The older I get, the more profoundly sad I find Puff The Magic Dragon to be. Yes, I know you can find a pot metaphor in there. Some people think it's about Vietnam. But if you listen to it and take at face value as you move through middle age (which, let's be honest, is an optimistic term at best at my stage of life), the song is nothing more than a gut punch about innocence and childhood lost.
I suppose as time moves on, I realize there's no return to the Autumn mist of Honahlee. Those shores and its memories grow more and more distant with each passing year.
What really gets me, though, is having a kid who is still very much able to visit that land and frolic there carefree as can be. But I know that one day he too will sail away never to return to play along that cherry lane. And it's heartbreaking in a way. We want our kids to be able to stay on that lovely isle, but we know they can't. The world won't let them, and they're not even going to want to stay there, because of human nature.
But you know, there's also this. Sometimes I'm not convinced we are all just Jackie Paper, moving on to finding other toys.
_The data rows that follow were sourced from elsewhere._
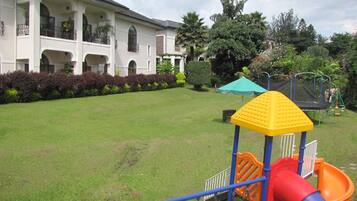 Área de juegos infantiles al aire libre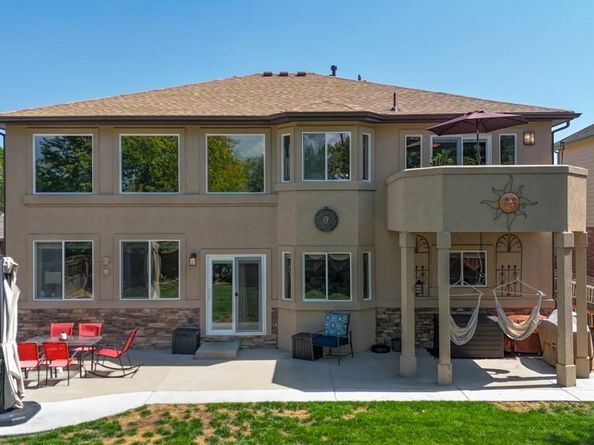 2745 Falcon Drive, Longmont CO 80503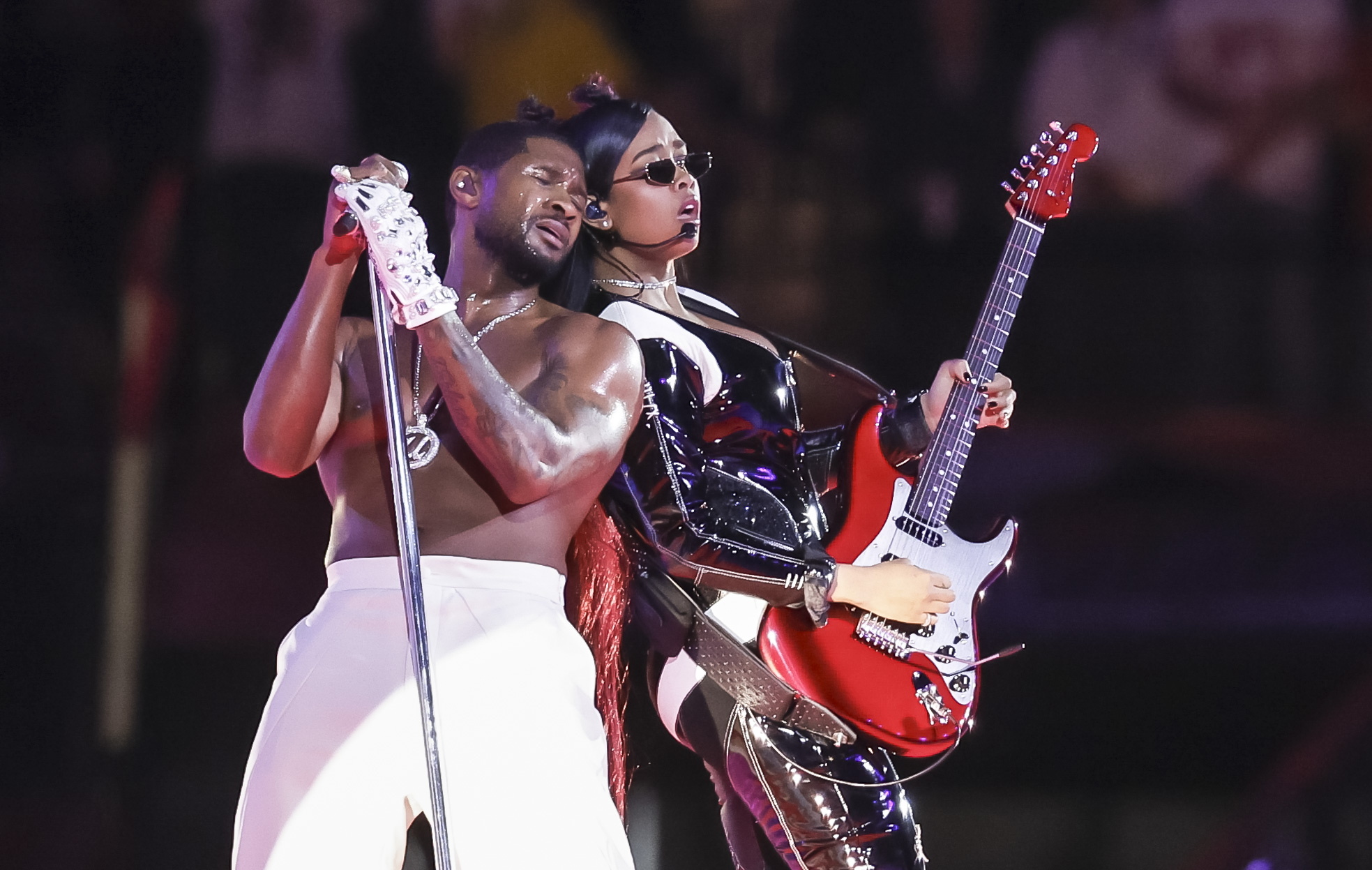 Las Vegas (United States), 12/02/2024.- US singer Usher (L) performs with musician H.E.R. (R) during the halftime show of Super Bowl LVIII between the Kansas City Chiefs and the San Fransisco 49ers at Allegiant Stadium in Las Vegas, Nevada, USA, 11 February 2024. The Super Bowl is the annual championship game of the NFL between the AFC Champion and the NFC Champion and has been held every year since 1967. EFE/EPA/JOHN G. MABANGLO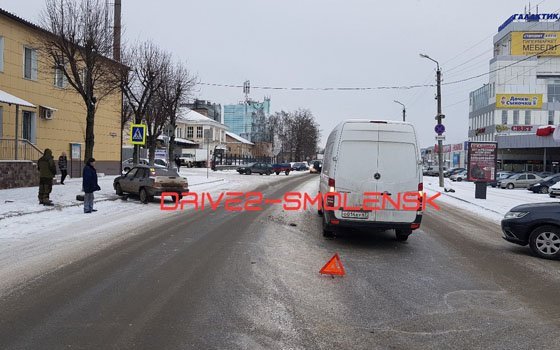 «Лада» врезалась в столб на улице Ново-Московской, а на Большой Советской авто не поделили дорогу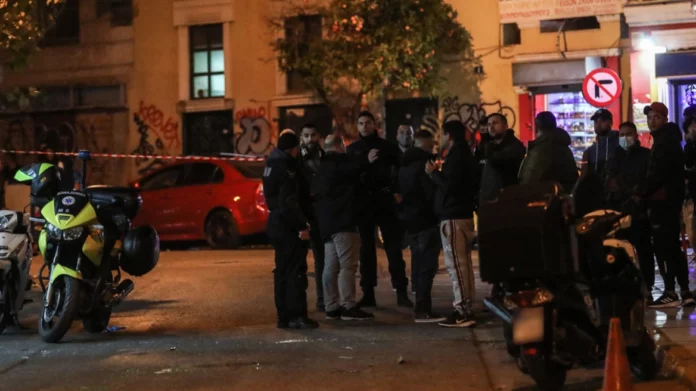 Άγρια συμπλοκή με Αφγανούς στην Ομόνοια – Ένας νεκρός, δύο τραυματίες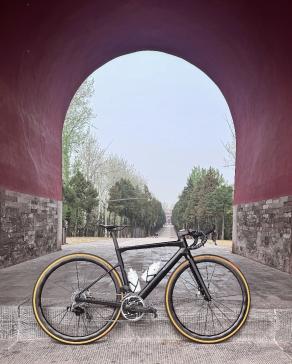 light-bicycle-ar375-disc-brake-carbon-wheelset-laced-to-light-bicycle-speed-hub-gen-2
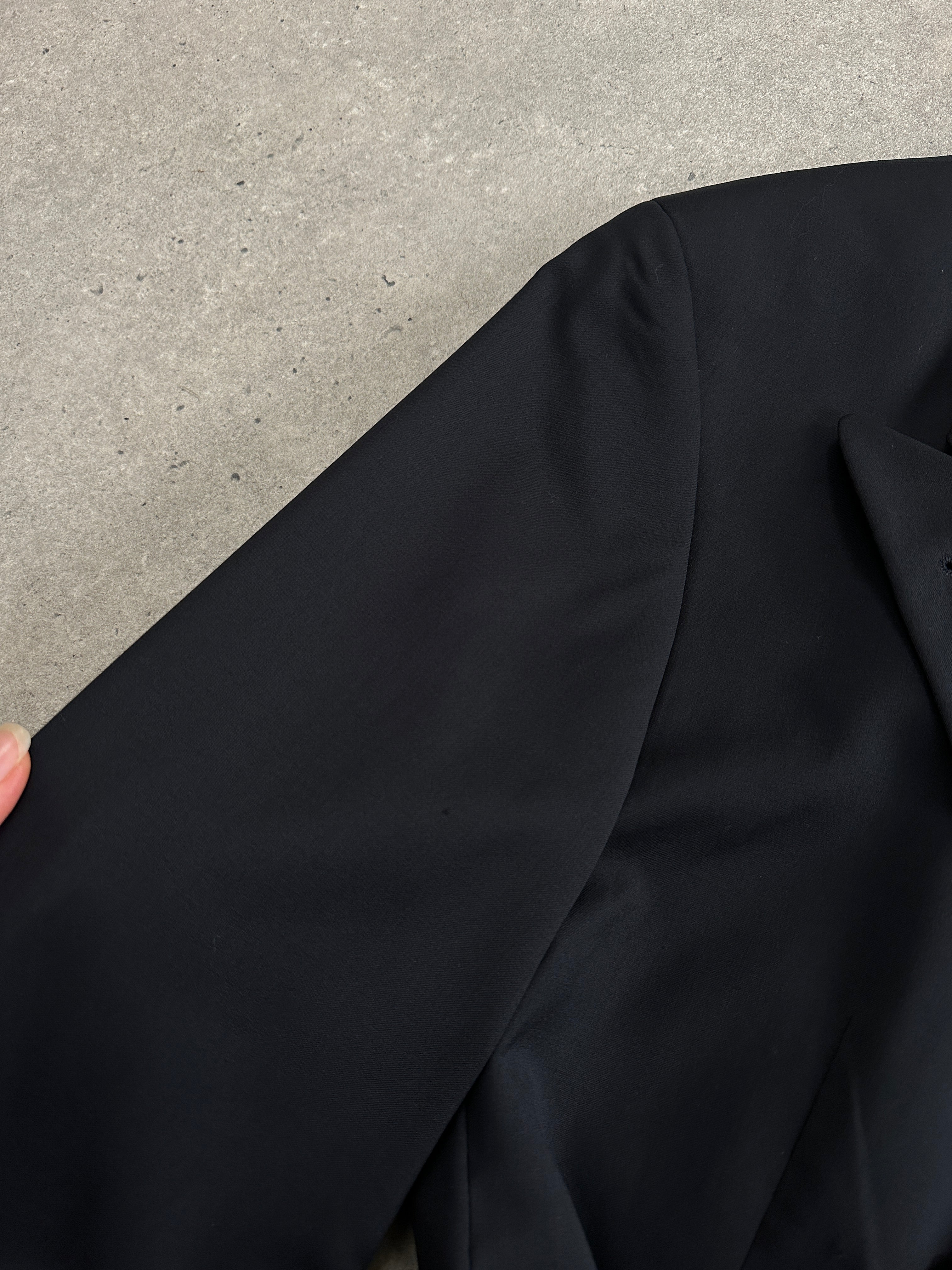 Hugo Boss x Loro Piana pure wool double-breasted blazer in size 40R/XL, featuring a classic tailored fit and structured lapels.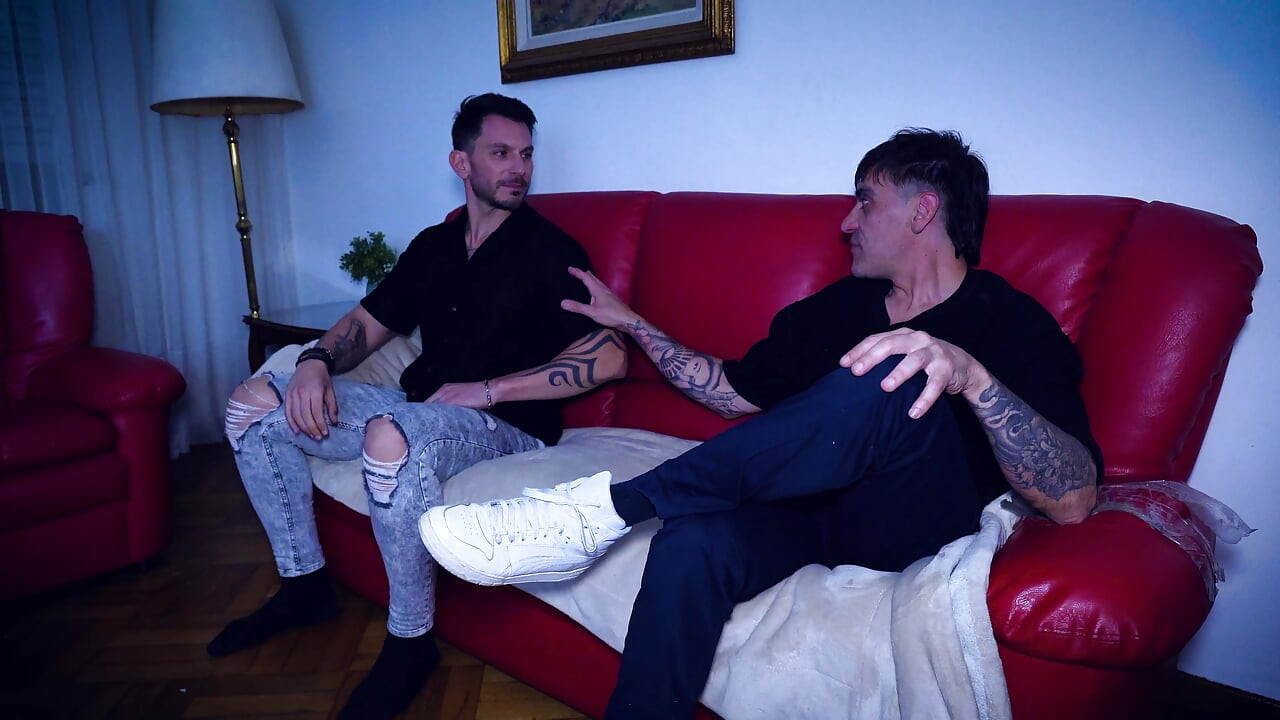 quand vous vous retrouvez avec un ami pour regarder le match de foot et que vous finez par célébrer FIT-keilabassi - quand vous vous retrouvez avec votre partenaire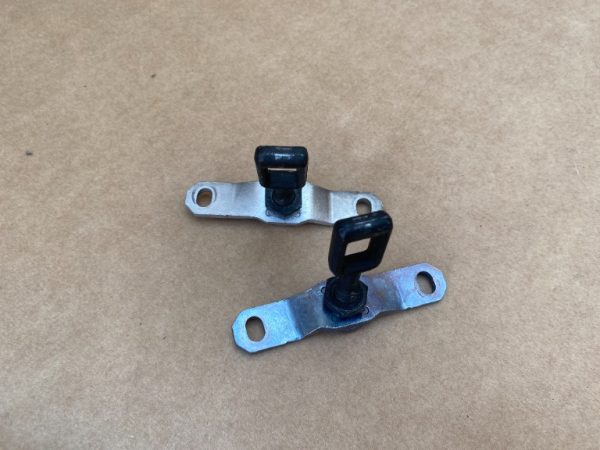 Cui broasca haion VW Touareg 7l 7L6845137C 7L6 845 137 C - Dezmembrari Auto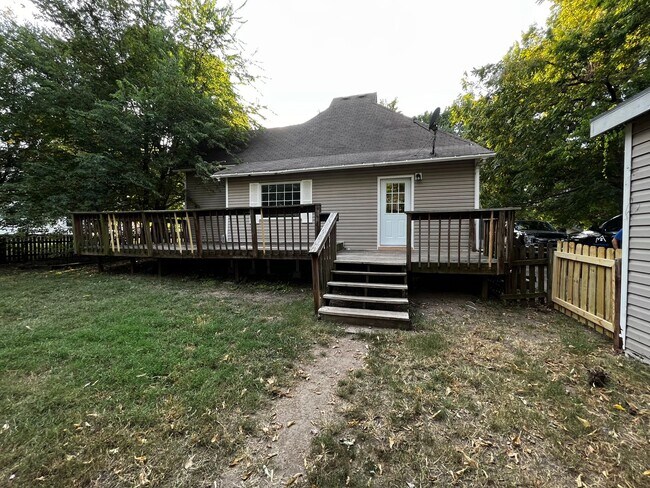 Building Photo - Charming home!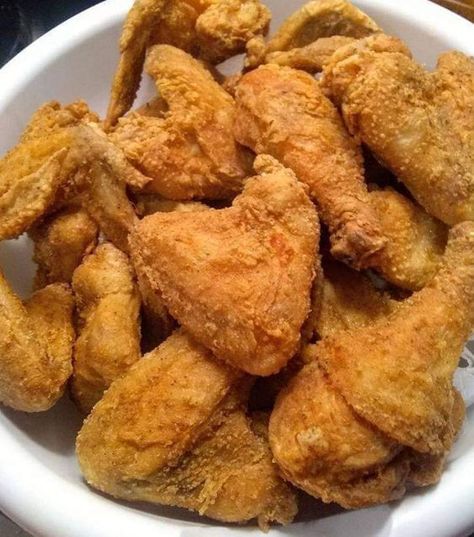 Southern Fried Chicken Batter, Best Fried Chicken Recipe, Fried Chicken Batter, Chicken Wing Recipes Fried, Fried Chicken Ingredients, Baked Fried Chicken, Chicken Batter, Oven Fried Chicken, Chicken Pieces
Sometimes I think we are all Puff, retreating into our caves, heads bent in sorrow, as the world moves on and away, and we lose the bravery to scream our fearless roars.
For a time.
Dragons, by their nature, don't stay sad forever. They eventually burst from their caves and fly majestically through the air. Then a tertiary character shows up and pops them with an arrow based on the advice of a bird. I'm not sure where I'm heading with this, the point is that Tolkien should have let a major character kill Smaug, instead of a random guy named Bard. I mean, seriously.